第8週の課題図書は、先週の課題図書に引き続きサービス・マネジメント関連のテーマで、日本人研究者による入門書。先週のラブロック&ライトによる『サービス・マーケティング原理』がかなり広範な大著だったので、今週の本は内容的に重なる部分も多く、手早く読むことができた。

本書は、主に(著者による訳書もある)リチャード・ノーマンの研究実績を辿りながら、サービス・マネジメントについて概説している。ところどころ著者による主観的なエッセーのような箇所もあるものの、題名に「入門」と書かれているだけに入門書としての良さもあり、それは特に、研究史的な概観を示したり、欧米で発展した議論を日本に適用する場合の特殊性などを書いている箇所に現れている。

サービス・サイエンスは(略)最初は、中国のレノボ社へコンピュータの製造部門を売却したIBMの社内で、通常、製造業の場合には企業発展の要となる製品開発部門を、いまやサービス企業となったIBMではどのように構成したらよいか、という議論の中から出てきた概念であるようだ。」(近藤『サービス・マネジメント入門(第3版)』p.ii)

『サービス・マネジメント』の分野は、欧米においても経営の新しい研究領域である。いつ頃、この用語が生まれたかは定かではないが、一説には1983年からスカンジナビア航空が行った大規模な組織改革をキッカケとして北欧諸国で最初に広まったと言われている。ハーバード大学のビジネススクールで、『サービス・マネジメント』というコースが開講されたのも83年である。それ以前は、『サービス業務の管理』という名前のコースが設けられていた(なお、北米では『サービス・マネジメント』よりも『サービス・マーケティング』という言葉が使用されることが多い。アメリカでは、マーケティング研究からサービスの研究が派生したことと、企業の外部適応が主要な関心であることがその理由と考えられる。これに対し、ヨーロッパ諸国では『サービス・マネジメント』が主に使われている)。」(同書, p.vii-viii)

本書の本題に入る前の部分で、多くの日本人にとって素朴な疑問である「『サービス』とはどういう意味か」という問いについて、他の研究者の研究内容を借りつつ「態度的サービス」「精神的サービス」「犠牲的サービス」「機能的サービス」の4つに分類し、値引きや無料の意味を込めた「犠牲的サービス」を日本特有のものとしている。これについては、本書の後段でも、日本の「おもてなし」と「ホスピタリティ」の関係に触れられている。

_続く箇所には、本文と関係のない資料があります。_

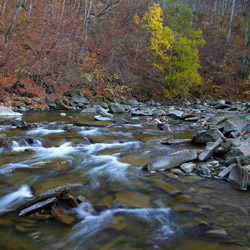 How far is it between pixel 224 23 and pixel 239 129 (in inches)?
1686

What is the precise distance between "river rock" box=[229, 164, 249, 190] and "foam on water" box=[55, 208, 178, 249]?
1.55 meters

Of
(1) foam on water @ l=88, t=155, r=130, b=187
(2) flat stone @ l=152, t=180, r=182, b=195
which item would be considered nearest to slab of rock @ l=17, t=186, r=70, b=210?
(1) foam on water @ l=88, t=155, r=130, b=187

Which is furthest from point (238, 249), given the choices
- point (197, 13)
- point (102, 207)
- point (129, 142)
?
point (197, 13)

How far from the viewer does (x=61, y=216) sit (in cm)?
292

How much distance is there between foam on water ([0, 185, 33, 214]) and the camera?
324 centimetres

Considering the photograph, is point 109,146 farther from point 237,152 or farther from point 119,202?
point 237,152

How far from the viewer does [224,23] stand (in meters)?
42.1

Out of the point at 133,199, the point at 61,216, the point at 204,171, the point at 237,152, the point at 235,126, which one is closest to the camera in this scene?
the point at 61,216

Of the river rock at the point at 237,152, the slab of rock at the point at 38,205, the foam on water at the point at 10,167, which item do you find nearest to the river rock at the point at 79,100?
the foam on water at the point at 10,167

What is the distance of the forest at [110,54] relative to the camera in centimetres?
1556

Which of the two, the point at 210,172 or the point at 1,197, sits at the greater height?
the point at 210,172

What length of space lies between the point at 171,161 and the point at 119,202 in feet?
6.00

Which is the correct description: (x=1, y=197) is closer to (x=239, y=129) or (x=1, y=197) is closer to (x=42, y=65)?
(x=239, y=129)

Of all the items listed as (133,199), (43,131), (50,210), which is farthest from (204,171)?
(43,131) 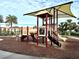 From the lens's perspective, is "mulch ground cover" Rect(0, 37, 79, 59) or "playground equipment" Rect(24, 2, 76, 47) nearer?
"mulch ground cover" Rect(0, 37, 79, 59)

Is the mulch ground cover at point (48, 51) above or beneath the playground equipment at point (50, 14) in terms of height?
beneath

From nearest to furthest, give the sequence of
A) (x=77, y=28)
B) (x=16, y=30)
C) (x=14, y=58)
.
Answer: (x=14, y=58) → (x=16, y=30) → (x=77, y=28)

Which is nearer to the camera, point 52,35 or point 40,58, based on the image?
point 40,58

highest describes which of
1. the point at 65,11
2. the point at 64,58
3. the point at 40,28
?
the point at 65,11

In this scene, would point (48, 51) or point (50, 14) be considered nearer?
point (48, 51)

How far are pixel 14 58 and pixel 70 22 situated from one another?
63004 mm

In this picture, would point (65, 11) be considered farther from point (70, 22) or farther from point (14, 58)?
point (70, 22)

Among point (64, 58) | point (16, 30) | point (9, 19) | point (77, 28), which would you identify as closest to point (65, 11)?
point (64, 58)

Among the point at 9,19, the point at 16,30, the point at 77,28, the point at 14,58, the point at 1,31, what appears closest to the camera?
the point at 14,58

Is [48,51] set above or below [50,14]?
below

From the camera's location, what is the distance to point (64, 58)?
12086 millimetres

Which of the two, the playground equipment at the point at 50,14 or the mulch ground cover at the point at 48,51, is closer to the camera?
the mulch ground cover at the point at 48,51

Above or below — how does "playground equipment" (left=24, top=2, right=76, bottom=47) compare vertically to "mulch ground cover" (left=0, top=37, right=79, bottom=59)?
above

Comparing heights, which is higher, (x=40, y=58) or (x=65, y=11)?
(x=65, y=11) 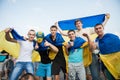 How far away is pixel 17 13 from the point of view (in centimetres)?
344

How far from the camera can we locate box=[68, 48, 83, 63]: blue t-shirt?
315 cm

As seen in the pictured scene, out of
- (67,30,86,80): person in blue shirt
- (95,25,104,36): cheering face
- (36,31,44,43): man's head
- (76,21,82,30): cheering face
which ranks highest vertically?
(76,21,82,30): cheering face

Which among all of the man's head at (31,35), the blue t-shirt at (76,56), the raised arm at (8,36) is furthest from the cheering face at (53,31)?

この点は、こと「サービス」という企業活動が何を目的とし、顧客にいかなる価値を提供しているかについて意識的かどうかによるのかもしれない。

アメリカ産業界ではCS〔顧客満足〕活動がシッカリ定着し、現在でも顧客満足の調査を定期的に実施している企業は数多くあり、CS調査から生まれたデータを企業の効果性をはかる情報として活用している。わが国でCS活動が定着しなかった原因はいくつかあるが、最大の理由は、顧客満足度が企業全体のアウトプットだという認識が希薄で、特定の部門(例えば、最前線の部門)に責任を負わせてしまうという日本企業の体質にあると思われる。システム観の欠如である。その結果、顧客接点部門の従業員のお辞儀の仕方の訓練といった些末な対応しか生まなかったようだ。」(同書, p.174)

著者があるファミリーレストランの利用客に対して行ったSERVQUAL調査の結果も興味深い。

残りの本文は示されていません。